Enfin le coup d’envoi de la campagne pour les élections européennes ? À un mois du scrutin européen, Jordan Bardella (RN), Valérie Hayer (Renaissance), Raphaël Glucksmann (PS), Manon Aubry (LFI), Marie Toussaint (Les Écologistes), François-Xavier Bellamy (LR) et Marion Maréchal (Reconquête !) ont échangé les coups pendant deux heures à l’occasion du tout premier débat à sept de la campagne. Au programme de ce rendez-vous coorganisé par RTL, Le Figaro, M6, LCP et Paris Première ? Quatre thèmes principaux tels que « la défense européenne » dans le contexte de la guerre en Ukraine, l’« écologie », « l’immigration et la protection des frontières de l’UE » et « la guerre économique face à la Chine ».
La cible Bardella
C’était le premier rendez-vous auquel participait la tête de liste du Rassemblement national (RN) Jordan Bardella, qui caracole en tête des intentions de vote depuis de longues semaines. Alors les attaques à son encontre n’ont pas manqué de fuser, notamment dès la première séquence de l’émission consacrée… à la guerre l’Ukraine. « Ça commence… », souffle d’emblée le jeune président du RN, alors que la tête de liste Renaissance Valérie Hayer l’interpelle dès sa première prise de parole, dénonçant ses « positions ambiguës » et jugeant « honteux » le « soutien » de son parti à la Russie.

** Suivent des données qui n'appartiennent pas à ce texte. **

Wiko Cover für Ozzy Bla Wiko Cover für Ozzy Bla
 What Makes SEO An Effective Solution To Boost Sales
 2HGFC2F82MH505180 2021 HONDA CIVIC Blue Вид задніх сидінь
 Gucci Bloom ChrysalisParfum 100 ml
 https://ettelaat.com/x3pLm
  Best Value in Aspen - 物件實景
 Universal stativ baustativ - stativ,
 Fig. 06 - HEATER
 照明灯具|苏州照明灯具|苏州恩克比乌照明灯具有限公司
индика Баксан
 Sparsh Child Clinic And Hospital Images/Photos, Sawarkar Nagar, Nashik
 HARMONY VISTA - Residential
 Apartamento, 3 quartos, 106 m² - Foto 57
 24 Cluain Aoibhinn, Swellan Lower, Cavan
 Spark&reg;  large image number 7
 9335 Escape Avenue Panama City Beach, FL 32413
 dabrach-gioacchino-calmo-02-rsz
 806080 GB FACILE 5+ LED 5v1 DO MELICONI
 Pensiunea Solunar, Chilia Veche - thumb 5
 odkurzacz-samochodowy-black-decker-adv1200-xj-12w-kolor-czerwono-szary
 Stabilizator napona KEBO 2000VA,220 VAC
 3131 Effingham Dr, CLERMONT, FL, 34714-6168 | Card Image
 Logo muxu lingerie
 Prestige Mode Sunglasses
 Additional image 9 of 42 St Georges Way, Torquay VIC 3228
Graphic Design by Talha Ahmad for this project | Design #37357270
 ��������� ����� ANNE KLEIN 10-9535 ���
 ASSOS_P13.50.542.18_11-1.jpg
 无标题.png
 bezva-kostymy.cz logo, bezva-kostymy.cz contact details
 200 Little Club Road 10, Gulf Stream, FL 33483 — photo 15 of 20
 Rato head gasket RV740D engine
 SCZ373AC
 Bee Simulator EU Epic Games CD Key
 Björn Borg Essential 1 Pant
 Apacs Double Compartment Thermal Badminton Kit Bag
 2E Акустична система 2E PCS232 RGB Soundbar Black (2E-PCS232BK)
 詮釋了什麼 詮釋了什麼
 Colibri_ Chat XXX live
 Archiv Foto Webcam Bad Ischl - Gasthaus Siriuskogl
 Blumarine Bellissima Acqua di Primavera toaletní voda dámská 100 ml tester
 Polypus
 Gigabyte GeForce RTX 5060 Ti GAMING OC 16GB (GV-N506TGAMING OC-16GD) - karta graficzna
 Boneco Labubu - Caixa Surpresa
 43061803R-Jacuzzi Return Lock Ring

« Vous n’avez jamais soutenu l’Ukraine. Vous n’avez jamais soutenu les condamnations contre l’emprisonnement de l’opposant russe Alexeï Navalny. Vous avez même confirmé sur votre liste un certain Thierry Mariani dont on connaît les positions et la proximité avec la Russie », a souligné la candidate du camp présidentiel. Avant de résumer le fond sa pensée : « Tout cela confirme que vous êtes au service non pas des intérêts de la France et de l’Europe mais des intérêts de la Russie. »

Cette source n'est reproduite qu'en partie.